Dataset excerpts

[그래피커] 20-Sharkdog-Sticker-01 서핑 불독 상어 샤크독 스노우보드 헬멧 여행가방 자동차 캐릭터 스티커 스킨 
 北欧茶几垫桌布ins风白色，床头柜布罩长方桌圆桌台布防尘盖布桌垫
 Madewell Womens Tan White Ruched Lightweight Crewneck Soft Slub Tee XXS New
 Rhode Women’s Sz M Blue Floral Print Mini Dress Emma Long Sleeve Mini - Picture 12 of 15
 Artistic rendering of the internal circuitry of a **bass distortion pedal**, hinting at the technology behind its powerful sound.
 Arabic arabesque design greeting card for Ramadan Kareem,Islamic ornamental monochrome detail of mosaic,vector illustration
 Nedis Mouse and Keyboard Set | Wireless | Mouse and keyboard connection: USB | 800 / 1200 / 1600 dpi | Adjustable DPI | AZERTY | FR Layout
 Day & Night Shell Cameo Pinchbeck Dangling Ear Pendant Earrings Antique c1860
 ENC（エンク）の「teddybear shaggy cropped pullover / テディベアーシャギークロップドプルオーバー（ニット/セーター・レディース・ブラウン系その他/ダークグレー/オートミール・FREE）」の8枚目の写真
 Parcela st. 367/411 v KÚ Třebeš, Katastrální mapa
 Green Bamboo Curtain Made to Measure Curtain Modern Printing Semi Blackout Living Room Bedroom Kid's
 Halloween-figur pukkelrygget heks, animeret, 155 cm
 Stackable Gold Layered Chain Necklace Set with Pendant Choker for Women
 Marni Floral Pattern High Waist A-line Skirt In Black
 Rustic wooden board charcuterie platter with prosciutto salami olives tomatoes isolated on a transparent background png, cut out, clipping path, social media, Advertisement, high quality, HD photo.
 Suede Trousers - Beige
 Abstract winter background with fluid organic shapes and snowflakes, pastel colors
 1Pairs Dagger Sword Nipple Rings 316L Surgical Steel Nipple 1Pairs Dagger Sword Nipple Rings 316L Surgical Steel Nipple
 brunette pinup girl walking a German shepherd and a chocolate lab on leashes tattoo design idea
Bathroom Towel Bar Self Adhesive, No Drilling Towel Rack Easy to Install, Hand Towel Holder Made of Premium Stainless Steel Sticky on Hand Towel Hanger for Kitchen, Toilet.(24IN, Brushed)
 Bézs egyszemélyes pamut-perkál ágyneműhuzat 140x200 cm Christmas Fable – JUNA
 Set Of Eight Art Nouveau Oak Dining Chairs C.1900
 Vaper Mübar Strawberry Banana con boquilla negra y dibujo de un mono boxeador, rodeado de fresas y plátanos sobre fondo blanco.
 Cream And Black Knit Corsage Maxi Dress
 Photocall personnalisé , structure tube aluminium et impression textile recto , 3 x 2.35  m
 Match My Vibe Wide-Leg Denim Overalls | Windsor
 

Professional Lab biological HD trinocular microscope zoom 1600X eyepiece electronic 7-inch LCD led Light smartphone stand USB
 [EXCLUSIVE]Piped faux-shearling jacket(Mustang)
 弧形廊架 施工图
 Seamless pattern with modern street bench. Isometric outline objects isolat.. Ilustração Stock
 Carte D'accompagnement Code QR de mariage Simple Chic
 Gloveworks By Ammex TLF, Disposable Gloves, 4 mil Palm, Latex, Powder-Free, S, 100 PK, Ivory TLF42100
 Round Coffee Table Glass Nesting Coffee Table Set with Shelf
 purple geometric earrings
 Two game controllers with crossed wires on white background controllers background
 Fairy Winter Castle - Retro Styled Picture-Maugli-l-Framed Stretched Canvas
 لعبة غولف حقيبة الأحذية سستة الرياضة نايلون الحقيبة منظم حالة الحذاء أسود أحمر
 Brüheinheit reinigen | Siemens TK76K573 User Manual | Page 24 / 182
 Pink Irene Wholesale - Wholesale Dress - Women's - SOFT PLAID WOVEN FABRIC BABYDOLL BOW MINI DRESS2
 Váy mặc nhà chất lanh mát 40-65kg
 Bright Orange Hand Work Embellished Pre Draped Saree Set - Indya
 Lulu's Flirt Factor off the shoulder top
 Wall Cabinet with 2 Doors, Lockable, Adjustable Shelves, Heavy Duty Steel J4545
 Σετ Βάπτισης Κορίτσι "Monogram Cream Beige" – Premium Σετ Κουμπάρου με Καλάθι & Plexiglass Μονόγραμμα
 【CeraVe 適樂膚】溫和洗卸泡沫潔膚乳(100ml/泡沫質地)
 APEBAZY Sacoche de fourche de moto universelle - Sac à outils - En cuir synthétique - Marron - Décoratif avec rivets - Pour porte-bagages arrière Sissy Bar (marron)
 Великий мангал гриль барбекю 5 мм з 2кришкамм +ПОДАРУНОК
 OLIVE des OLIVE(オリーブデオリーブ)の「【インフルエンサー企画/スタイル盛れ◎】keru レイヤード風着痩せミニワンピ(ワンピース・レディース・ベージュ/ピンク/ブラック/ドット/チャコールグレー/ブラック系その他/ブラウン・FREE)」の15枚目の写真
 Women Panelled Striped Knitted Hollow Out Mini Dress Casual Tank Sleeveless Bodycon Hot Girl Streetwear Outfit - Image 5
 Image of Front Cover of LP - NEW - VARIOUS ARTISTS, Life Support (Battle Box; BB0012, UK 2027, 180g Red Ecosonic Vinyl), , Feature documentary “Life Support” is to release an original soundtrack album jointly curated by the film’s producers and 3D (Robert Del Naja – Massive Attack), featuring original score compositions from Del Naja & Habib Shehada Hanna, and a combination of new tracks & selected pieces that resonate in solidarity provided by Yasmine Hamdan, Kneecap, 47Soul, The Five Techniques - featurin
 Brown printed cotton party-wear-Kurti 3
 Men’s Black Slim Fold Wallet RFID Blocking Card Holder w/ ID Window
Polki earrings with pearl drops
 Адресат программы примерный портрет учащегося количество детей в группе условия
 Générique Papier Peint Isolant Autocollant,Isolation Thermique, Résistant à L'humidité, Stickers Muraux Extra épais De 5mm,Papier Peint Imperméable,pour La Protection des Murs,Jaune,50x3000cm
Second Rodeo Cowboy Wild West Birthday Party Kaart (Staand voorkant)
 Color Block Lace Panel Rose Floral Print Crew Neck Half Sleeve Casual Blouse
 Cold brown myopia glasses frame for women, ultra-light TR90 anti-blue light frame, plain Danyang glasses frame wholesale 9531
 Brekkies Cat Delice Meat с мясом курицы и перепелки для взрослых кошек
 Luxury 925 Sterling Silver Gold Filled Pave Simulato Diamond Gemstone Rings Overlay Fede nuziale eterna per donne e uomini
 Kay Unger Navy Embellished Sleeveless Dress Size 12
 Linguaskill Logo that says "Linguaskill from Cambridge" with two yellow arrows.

• _EXERCISE_
Reproduce only the lines above spanning from the line containing "Two game controllers" through the line containing "Women Panelled Striped", word for word.

• _RESULT OF THE EXERCISE_
 Two game controllers with crossed wires on white background controllers background
 Fairy Winter Castle - Retro Styled Picture-Maugli-l-Framed Stretched Canvas
 لعبة غولف حقيبة الأحذية سستة الرياضة نايلون الحقيبة منظم حالة الحذاء أسود أحمر
 Brüheinheit reinigen | Siemens TK76K573 User Manual | Page 24 / 182
 Pink Irene Wholesale - Wholesale Dress - Women's - SOFT PLAID WOVEN FABRIC BABYDOLL BOW MINI DRESS2
 Váy mặc nhà chất lanh mát 40-65kg
 Bright Orange Hand Work Embellished Pre Draped Saree Set - Indya
 Lulu's Flirt Factor off the shoulder top
 Wall Cabinet with 2 Doors, Lockable, Adjustable Shelves, Heavy Duty Steel J4545
 Σετ Βάπτισης Κορίτσι "Monogram Cream Beige" – Premium Σετ Κουμπάρου με Καλάθι & Plexiglass Μονόγραμμα
 【CeraVe 適樂膚】溫和洗卸泡沫潔膚乳(100ml/泡沫質地)
 APEBAZY Sacoche de fourche de moto universelle - Sac à outils - En cuir synthétique - Marron - Décoratif avec rivets - Pour porte-bagages arrière Sissy Bar (marron)
 Великий мангал гриль барбекю 5 мм з 2кришкамм +ПОДАРУНОК
 OLIVE des OLIVE(オリーブデオリーブ)の「【インフルエンサー企画/スタイル盛れ◎】keru レイヤード風着痩せミニワンピ(ワンピース・レディース・ベージュ/ピンク/ブラック/ドット/チャコールグレー/ブラック系その他/ブラウン・FREE)」の15枚目の写真
 Women Panelled Striped Knitted Hollow Out Mini Dress Casual Tank Sleeveless Bodycon Hot Girl Streetwear Outfit - Image 5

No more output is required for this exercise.